Romain Spinali : En 2015, nous avions mis au point un maillot de bain connecté. À l’aide d’un capteur analysant le rayonnement UV, le vêtement rappelle à l’usager de se remettre de la crème solaire. Les informations sont consultables par l’utilisateur grâce à une application mobile téléchargée sur son smartphone. Nous avons décliné cette technologie au gant connecté, qui pourrait être une alternative au gel hydroalcoolique, notamment en hiver.
Comment le dioxyde de titane permet-il de neutraliser les matières présentes à la surface du gant ?
Sous forme de nanoparticules, le dioxyde de titane exposé aux rayonnements UV a la caractéristique d’effectuer une photocatalyse avec un phénomène d’oxydoréduction. Il dégrade à sa proche périphérie l’ensemble des cellules et agents infectieux qui viendraient à s’y trouver. En clair, le dioxyde de titane crée un milieu qui dégrade naturellement les cellules périphériques, les bactéries, les molécules odorantes et les virus. Au-delà du coronavirus, notre produit permet de se prémunir contre d’autres maladies saisonnières telles que la grippe, ou la gastro-entérite.
Comment savoir que la quantité d’UV est suffisante pour assurer le bon déroulement du processus ?
C’est justement l’un des challenges majeurs. C’est pour cela qu’il a fallu intégrer un capteur d’UV pour accéder à des données précises. À l’aide d’une application installée sur son smartphone, l’utilisateur peut suivre en temps réel l’état de dégradation des matières, et donc de désinfection des gants. Durant les périodes où l’ensoleillement est plus faible, le processus de dégradation peut être le même avec une lampe à UV classique.
Cet accessoire connecté est-il utilisable en cas de mauvaises conditions météorologiques ?
Plus l’intensité du rayonnement UV est forte, plus le gant dégrade rapidement les matières présentes à sa surface. À l’inverse, lorsque le temps est nuageux, le processus dure plus longtemps. Lorsque l’ensoleillement est optimal, le processus de dégradation prend entre quinze et trente secondes. Nous envisageons également de mettre au point une lampe à UVC, strictement réservée à l’usage des professionnels (un policier par exemple pourrait passer ses mains gantées sous la lampe UVC après chaque contrôle de papiers, NDLR). Bien que permettant une désinfection en à peine quelques secondes, nous ne recommandons pas l’usage des UVC par les particuliers, du fait de leur caractère hautement cancérigène.

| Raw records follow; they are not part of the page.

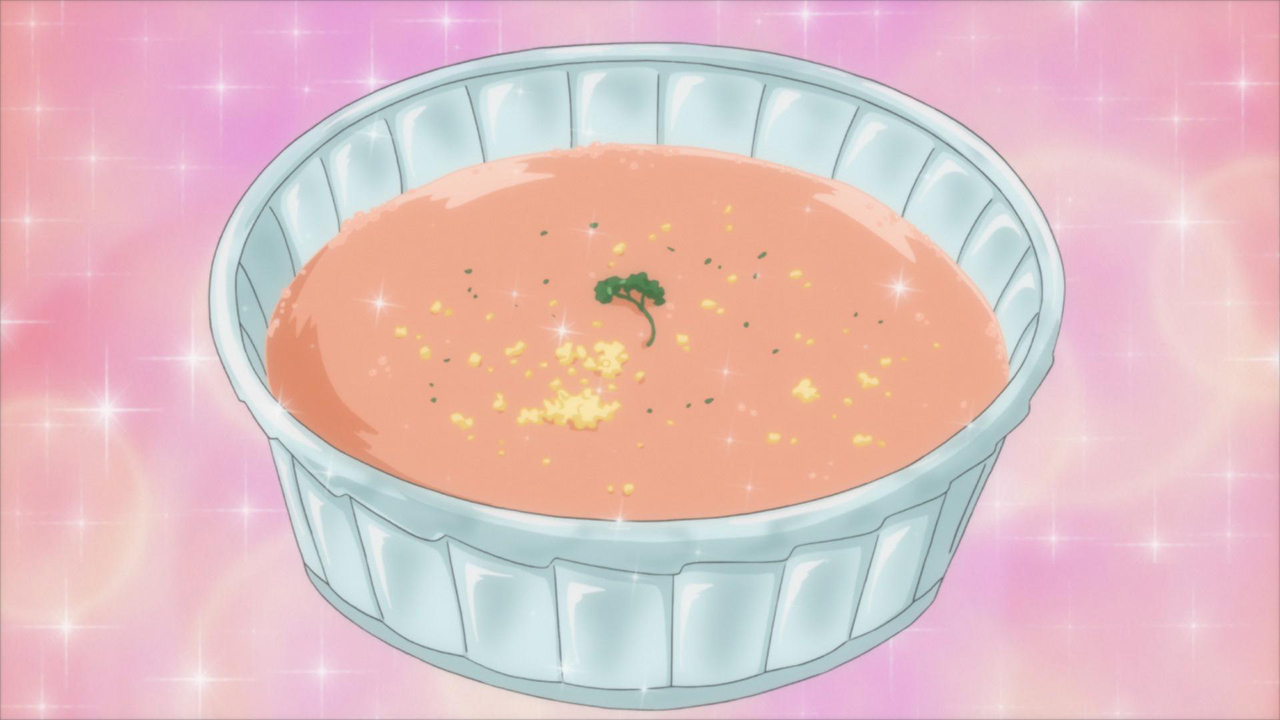 スープ　クリーミートマト冷製スープ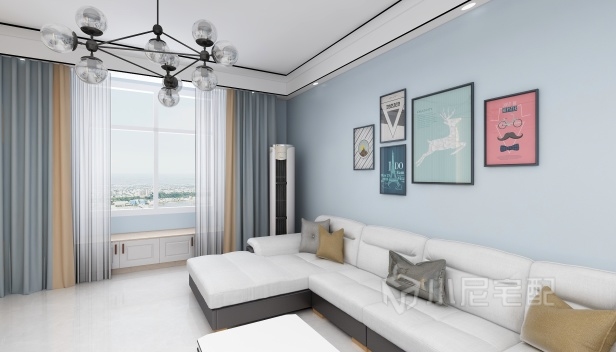 108㎡/三室两厅一卫/简约 108㎡/三室两厅一卫/简约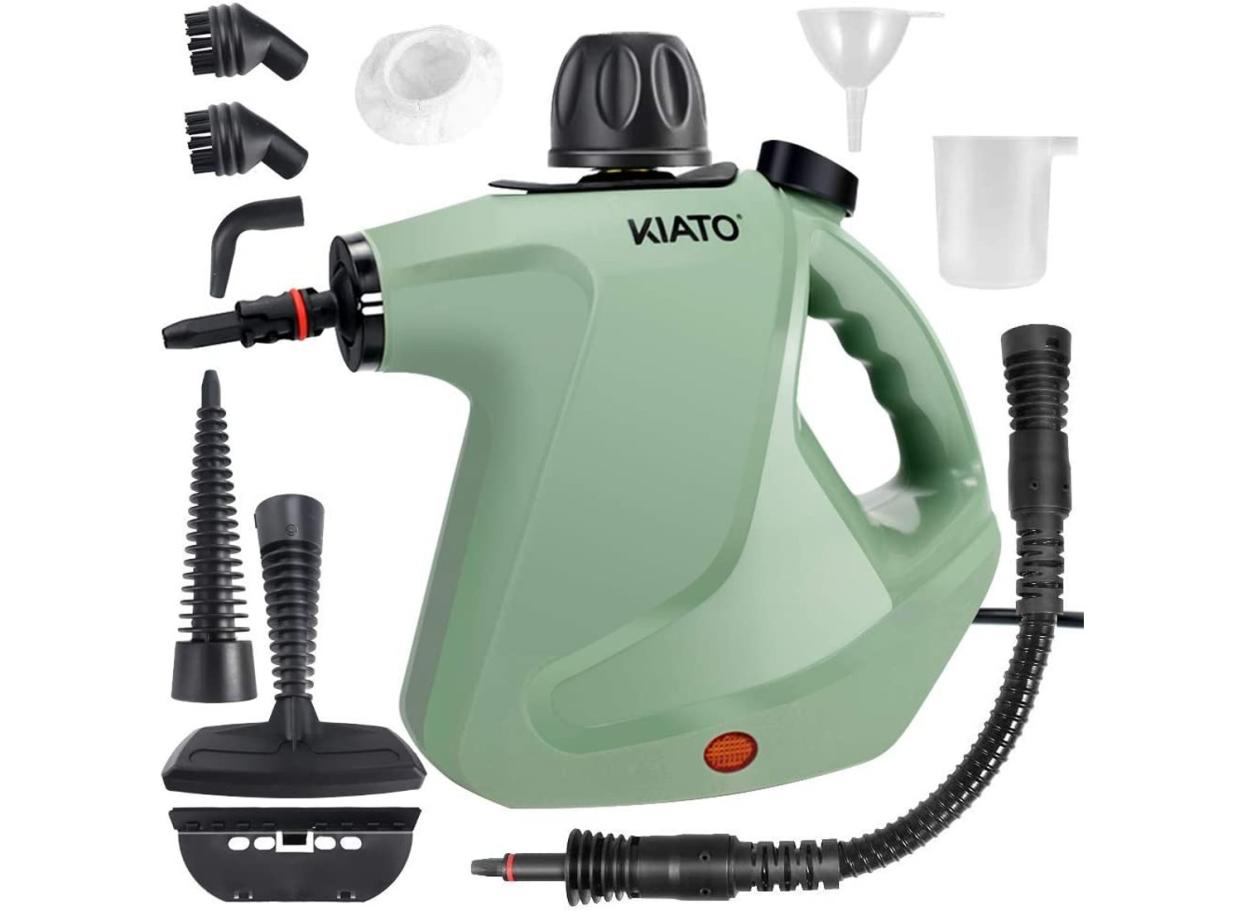 From couches to car carpets, you'll be steam cleaning everything you can with this portable machine. (Source: Amazon)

Comment s’effectue la communication entre ce textile connecté et l’application mobile nécessaire à son emploi ?
Le capteur, composé d’une LED et d’une puce, fait la taille d’un timbre-poste. Il communique avec le smartphone via la technologie Bluetooth à basse consommation, auquel il envoie une information basique. Cette dernière est ensuite traitée grâce à un algorithme. L’intelligence artificielle nous permet de tester le produit et d’établir la courbe de dégradation des bactéries. À l’heure actuelle, nous continuons nos tests dans le but de vérifier si, à l’usage, les résultats sont les mêmes que ceux que nous avions prévus grâce à la cinétique de dégradation des bactéries sur le gant.
Dans quelles conditions cette intelligence artificielle a-t-elle pu être mise au point ?
Grâce à l’Université de Haute-Alsace et le professeur Pierre-Alain Muller, vice-président innovation, nous avons pu accéder à des techniques de développement essentielles au développement de notre intelligence artificielle. Sans toutes les ressources qualifiées qui ont été mises à notre disposition, notre TPE n’aurait pas pu mener ce projet à son terme.
Quels procédés vous permettront d’assurer l’apprentissage en continu de cette intelligence artificielle ?
Pour améliorer l’algorithme, nous allons faire circuler une certaine quantité de gants, et suivre l’évolution des cas de Covid-19 a minima en Europe et en Amérique du Nord. Les gants seront récupérés régulièrement pour analyse.
Avez-vous prévu un moyen d’assurer la gestion de la fin de vie de cet article ?
Nous avons tenu à développer ce produit dans le respect des règles de développement durable. Ainsi, ce gant est pensé pour pouvoir nous être retourné en fin de vie ou en cas de défaillance. L’objectif est de pouvoir récupérer un certain nombre de composants, notamment les électroniques. Ni le textile, ni les différents composants n’ont vocation à finir à la poubelle.